Closed dmitrytyrin closed 3 years ago

dmitrytyrin commented 4 years ago

Hello! I trained quartznet15x5 and wanted to perform inference on some audio. I used this script (from examples/applications/asr_service):

`import os from ruamel.yaml import YAML import nemo import nemo_asr from nemo_asr.helpers import post_process_predictions

MODEL_YAML = ‘path/to/quartznet15x5.yaml' CHECKPOINT_ENCODER = ‘path/to/JasperEncoder-STEP-200000.pt' CHECKPOINT_DECODER = ‘path/to/JasperDecoderForCTC-STEP-200000.pt' manifest = ‘path/to/manifest.json'

yaml = YAML(typ="safe") with open(MODEL_YAML) as f: jasper_model_definition = yaml.load(f) labels = jasper_model_definition['labels']

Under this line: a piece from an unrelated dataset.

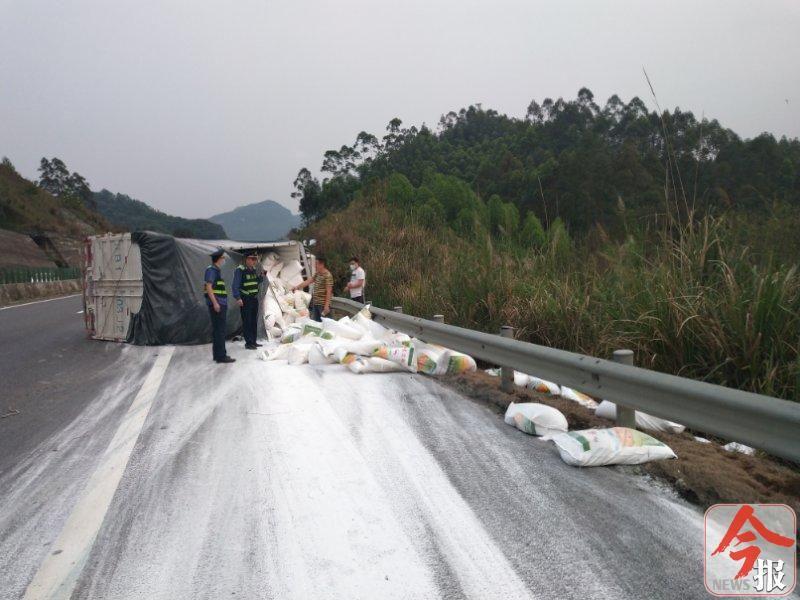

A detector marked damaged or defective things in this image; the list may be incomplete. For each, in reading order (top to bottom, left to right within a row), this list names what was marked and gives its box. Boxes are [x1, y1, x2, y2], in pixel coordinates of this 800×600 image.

overturned truck [84, 232, 314, 344]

neural_factory = nemo.core.NeuralModuleFactory( placement=nemo.core.DeviceType.CPU, backend=nemo.core.Backend.PyTorch)

data_preprocessor = nemo_asr.AudioToMelSpectrogramPreprocessor( factory=neural_factory)

jasper_encoder = nemo_asr.JasperEncoder( jasper=jasper_model_definition['JasperEncoder']['jasper'], activation=jasper_model_definition['JasperEncoder']['activation'], feat_in=jasper_model_definition[ 'AudioToMelSpectrogramPreprocessor']['features'])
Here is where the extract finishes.